A mother mourns her son and daughter-in-law with the dishes that he loved
After Itay and Hadar Berdichesky were killed on October 7 at Kibbutz Kfar Aza, Itay’s mother found some comfort in an Asif Culinary Institute project, A Place at the Table
Since October 7, Ravit Berdichesky has to find the reasons to get up in the morning.
Berdichesky’s son, Itay Berdichesky and his wife, Hadar Berdichesky, were killed by Hamas terrorists in their Kibbutz Kfar Aza home on October 7. Their 10-month-old twins were found alive in the sealed room, surviving 14 hours on their own.
The twins are now being cared for by a maternal aunt.
Their grandmother, Ravit Berdichesky, along with her three surviving sons, searches for meaning as she loves with her bereavement, having also lost her husband Ilan in a cycling accident five years earlier.
“I said to my brother, ‘How will I get up in the mornings?
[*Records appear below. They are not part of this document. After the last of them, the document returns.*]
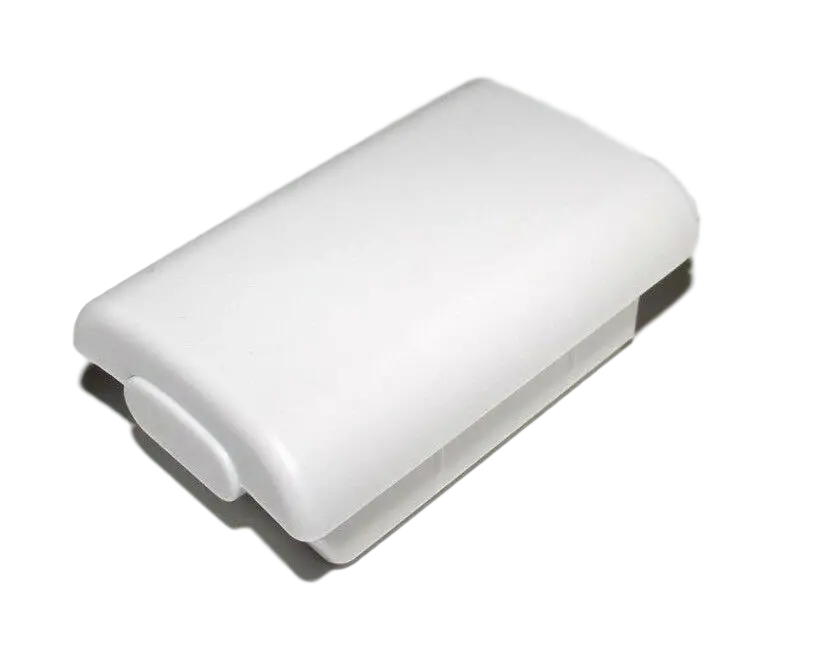 White Microsoft Xbox 360 Remote Controller Battery Cover Clip Case Aa Battery 1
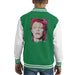 Sidney Maurer Original Portrait Of David Bowie Red Hair Kids Varsity Jacket - Kids Boys Varsity Jacket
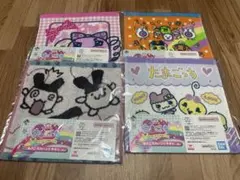 たまごっち 一番くじ E賞 あのころのハンドタオル 4種セット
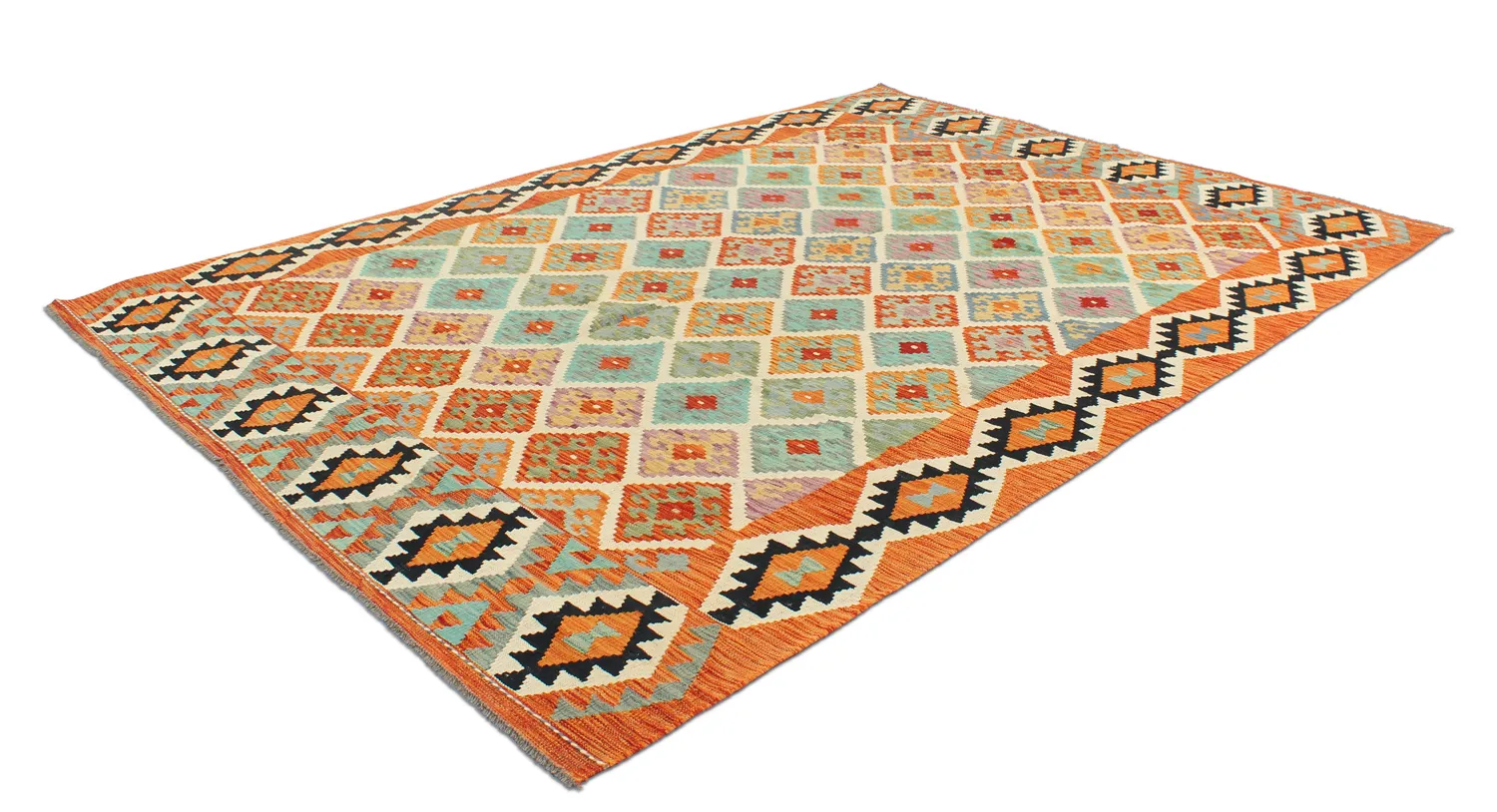 Alfombra kilim oriental 302 x 223 cm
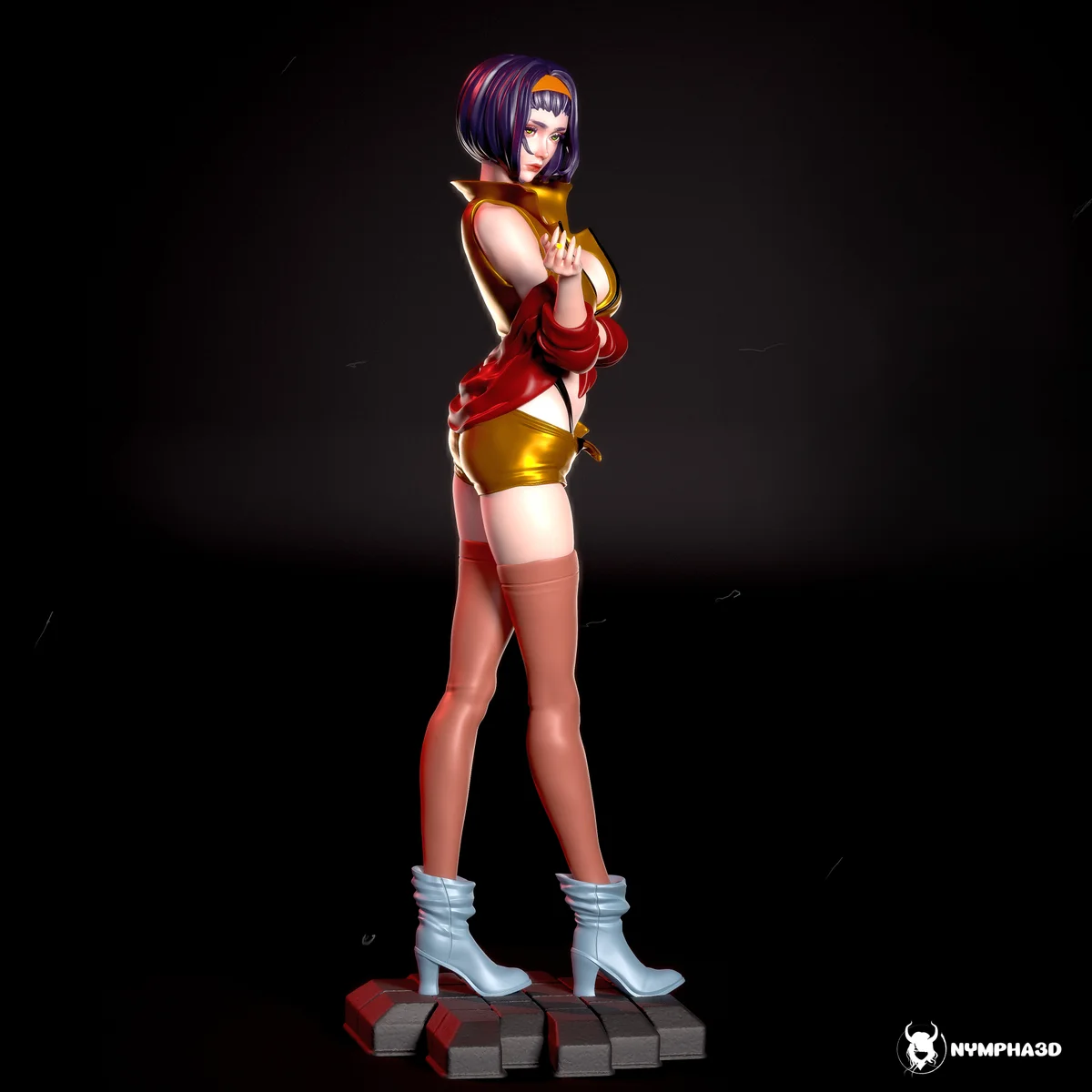 Faye Valentine | Fan Art | 3D Printed Resin Model Garage Kit | *Un-Painted* | Nympha3D 5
He said to me, ‘You didn’t get up for Itay in the morning, you got up for yourself,'” she said. “That set the path for me.”
One source of comfort came from Asif, a Tel Aviv culinary center that has dedicated itself to helping soldiers, survivors, the bereaved and evacuees in the months since October 7.
The culinary center is building A Place at the Table, a commemorative project documenting the favorite dishes of those killed on October 7, with recipes and stories written in Hebrew, English and Arabic.
“It’s all kind of stories that help the families immortalize their loved ones,” said Matan Choufan, senior director of content at Asif. “There’s a sense of mission in it.”
Each week, Asif posts a new video on social media, featuring a family member or friend speaking about a loved one killed on October 7, through the preparation of a favorite dish, along with the recipe.
There’s the spicy fish dish that Shani Gabbay ate at her parents’ home in Yokne’am before heading to the Supernova where she was killed, and the cream puffs that David Kachko Katzir would melt over every time his wife Ayelet made them.
“There’s no happiness in these recipes,” said Choufan. “It’s an archive that just keeps growing.”
Berdichesky told Itay and Hadar’s story through two of their favorite dishes that she would often prepare for them for Shabbat dinner, a Hungarian layered meat dish called rakott káposzta for Itay, and tomato soup with dumplings for Hadar.
The Hungarian sauerkraut casserole includes layers of cooked rice, chopped meat, turkey or chicken and cooked cabbage, topped with sour cream, a layering process that Ravit Berdichesky knows by heart.
The tomato soup includes tiny dumplings slipped into the soup with a teaspoon or with a piping bag, a technique introduced to Berdichesky by Itay years ago.
“When they were coming to us on Friday nights, I would ask what they wanted me to prepare because I loved to spoil them, and we show love through food,” said Berdichesky. “Itay would say, ‘Only káposzta, Grandma’s dish.'”
The dishes are all family recipes carried down from Ravit’s Transylvanian paternal grandmother. Her own mother learned to make her husband’s family dishes, and the recipes are all written in her mother’s handwriting.
It feels emotional to make those dishes now, said Berdichesky, who finds herself expecting to see Itay and Hadar to walk into her home on Moshav Srigim in central Israel, south of Beit Shemesh.
Early on the morning of October 7, Ravit Berdichesky woke up to the sirens, but wasn’t able to make contact with Itay and Hadar. She later found out that the last communication that Hadar had with her family was at 6:55 a.m.
It was later discovered that Hadar had left the sealed room of their kibbutz house, possibly to toss a dirty diaper or to prepare bottles for the babies. Her body was later found in the kitchen, while Itay’s body was found in the sealed room, their baby boys lying on the bed next to him.
Itay and Hadar Berdichesky were buried in Moshav Srigim, alongside Hadar’s cousin, Yahav Winner, a filmmaker who was also killed trying to protect his wife and one-month-old on October 7 in Kfar Aza. Itay’s father, Ilan, was already buried in the kibbutz cemetery five years earlier.
Itay Berdichesky was the eldest of the Berdicheskys’ four sons, and he and Hadar met through friends while Itay was in an officers’ training course for the Golani military infantry brigade.
After Itay completed his army service, he studied electrical engineering and Hadar got a degree in accounting, and they moved back to Kibbutz Kfar Aza, where Hadar was born and raised, joining Hadar’s parents and three out of her five siblings and their families.
In December 2022, their twin boys, Roi and Guy, were born.
“He very much loved Hadar and he loved Kfar Aza,” said Ravit Berdichesky. “They were such a successful couple. It’s a waste to humanity.”
Berdichesky and her surviving three sons all live on Moshav Srigim, where they’re working hard to continue living their lives, as well as being loving uncles to their surviving nephews. Her second-oldest son got married a few months ago.
“They’re strong, they’re just sad,” said Berdichesky.
“There are harder days and easier days and for a second time, I chose life and it’s a matter of choice,” she said. “I find the reasons.”